- Film poster
- Directed by: Lew Landers
- Screenplay by: Richard Schayer
- Story by: Ford Beebe
- Produced by: Grant Whytock Bernard Small
- Starring: George Montgomery Ellen Drew
- Cinematography: George E. Diskant (as George Diskant) John J. Mescall (as John Mescall)
- Edited by: Stewart S. Frye (as Stewart Frye) Kenneth G. Crane (as Kenneth Crane)
- Music by: Paul Sawtell
- Production company: Edward Small Productions
- Distributed by: United Artists
- Release dates: January 1950; March 16, 1950 (New York);
- Running time: 71 minutes
- Country: United States
- Language: English
- Budget: $400,000 (est.)

= Davy Crockett, Indian Scout =

1950 film by Lew Landers

Davy Crockett, Indian Scout is a 1950 American Western film directed by Lew Landers and starring George Montgomery and Ellen Drew. Wartime hero Johnny McKee has a small role in the film, as does Jim Thorpe.

==Plot==
During the 1840s, a wagon train is headed west with Davy Crockett, a young man who shares a name with his famous frontiersman uncle, acting as one of the train's native scouts. After the passengers narrowly survive a series of Indian ambushes, they come to believe that a spy is on board who is helping to plot the attacks. Suspicions fall on Davy's innocent partner Red Hawk, so he and Davy attempt to find the real culprit.

==Cast==
- George Montgomery as Davy Crockett
- Ellen Drew as Frances Oatman
- Phillip Reed as Red Hawk
- Noah Beery Jr. as Tex McGee
- Paul Guilfoyle as Ben
- Addison Richards as Capt. Weightman
- Robert Barrat as James Lone Eagle
- Erik Rolf as Mr. Simms
- William Wilkerson as High Tree
- John Hamilton as Col. Willard
- Vera Marshe as Mrs. Simms
- Jimmy Moss as Jimmy Simms
- Chief Thundercloud as Sleeping Fox
- Kenne Duncan as Sgt. Gordon (as Kenneth Duncan)
- Ray Teal as Capt. McHale
- Iron Eyes Cody as Brave (uncredited)

== Production ==
The film's title was lengthened from Indian Scout just prior to its release.

Much of the footage was taken from the 1940 film Kit Carson, starring Jon Hall, Dana Andrews and Clayton Moore.

== Reception ==
In a contemporary review for The New York Times, critic A. H. Weiler wrote: "There's nary a cowboy in sight and its hero is not the Davy Crockett of Alamo fame.
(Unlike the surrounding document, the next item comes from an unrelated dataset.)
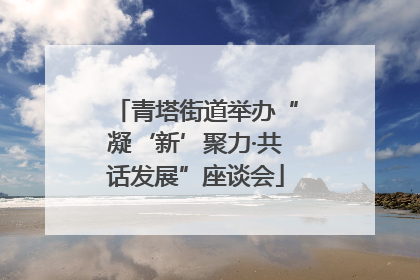青塔街道举办“凝‘新’聚力·共话发展”座谈会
He's only the famous frontiersman's cousin. But he's no tenderfoot either. A tough hombre, he not only geta the wagon train safely through the hostile territory but also saves the cavalry from a Redskin ambush. And, as played by George Montgomery. he's a gent who recognizes that there are good and bad Indians and even saves bis sidekick, Red Hawk, and Frances, that brave's girl friend, from the Army's wrath .. In between there's lots of fireworks and little logic. 'Davy Crockett, Indian Scout' should warm the cockles of the hearts of the 10-year-olds."